REQUIREMENT —
Transcribed word for word, the lines below from the one with "view of pool" through the last line of the records form the answer; no picture is to be included.

INPUT DATA —
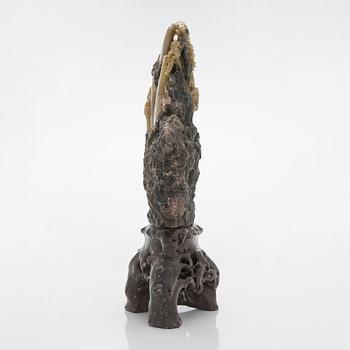 A soapstone sculpture, China, 20th century.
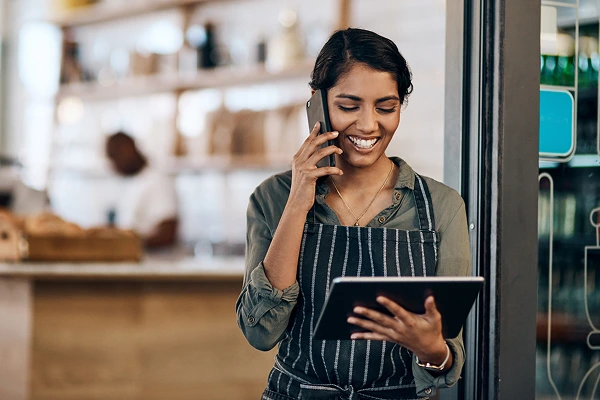 A woman using a table and smartphone with SmartVoice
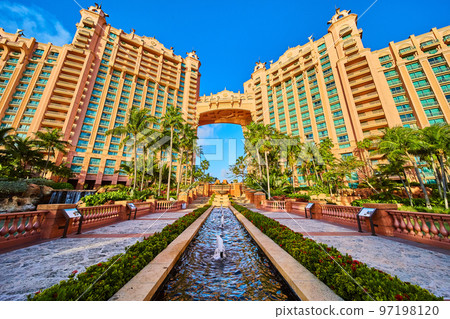 Peaceful tropics gardens with resort architecture and palm trees 97198120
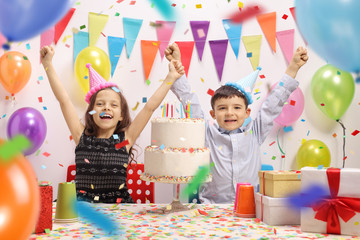 Overjoyed kids celebrating a birthday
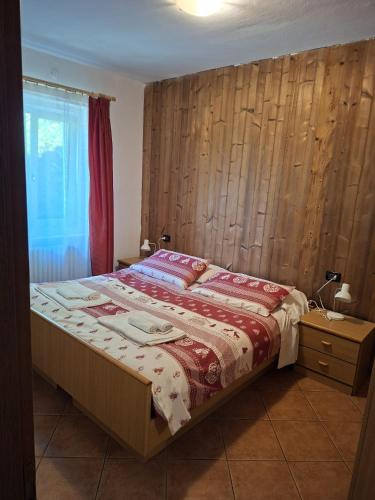 a bedroom with a bed with a wooden wall at Roda de Vael in Moena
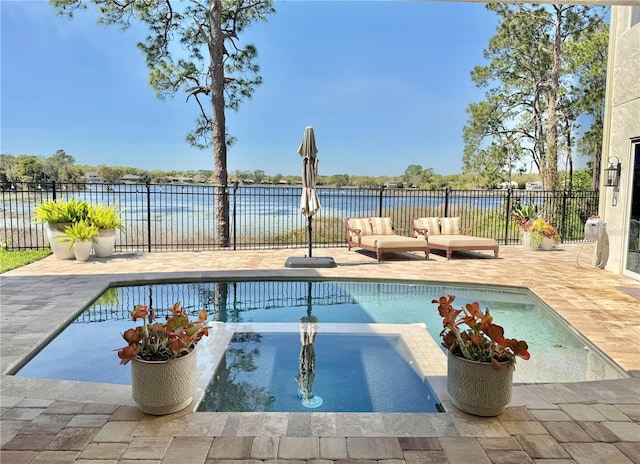 view of pool featuring a fenced in pool, a patio, a water view, and fence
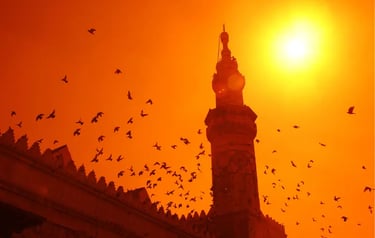Silhouette of a mosque minaret and a flock of birds flying during a bright orange sunset.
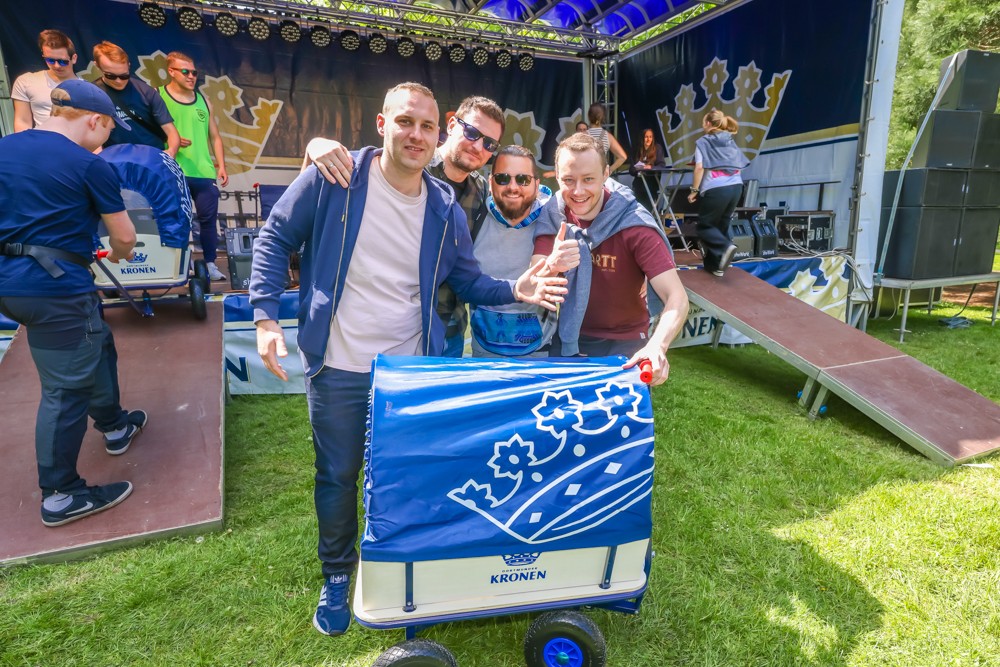 Vier Männer stehen lächelnd mit einem blauen Bollerwagen bei einem Festival.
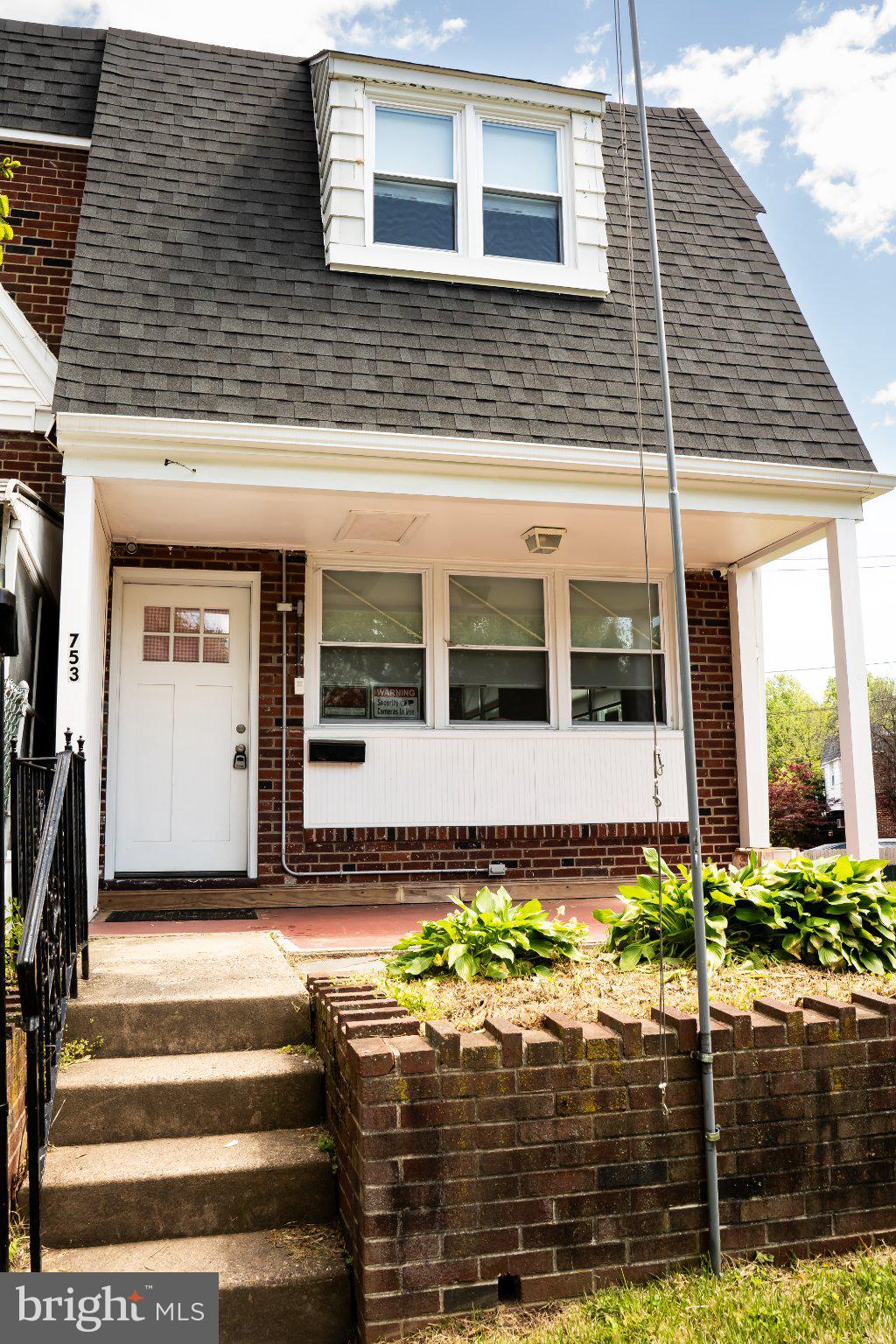 Charming brick home with inviting porch.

OUTPUT FOR THIS EXERCISE —
 view of pool featuring a fenced in pool, a patio, a water view, and fence
Silhouette of a mosque minaret and a flock of birds flying during a bright orange sunset.
 Vier Männer stehen lächelnd mit einem blauen Bollerwagen bei einem Festival.
 Charming brick home with inviting porch.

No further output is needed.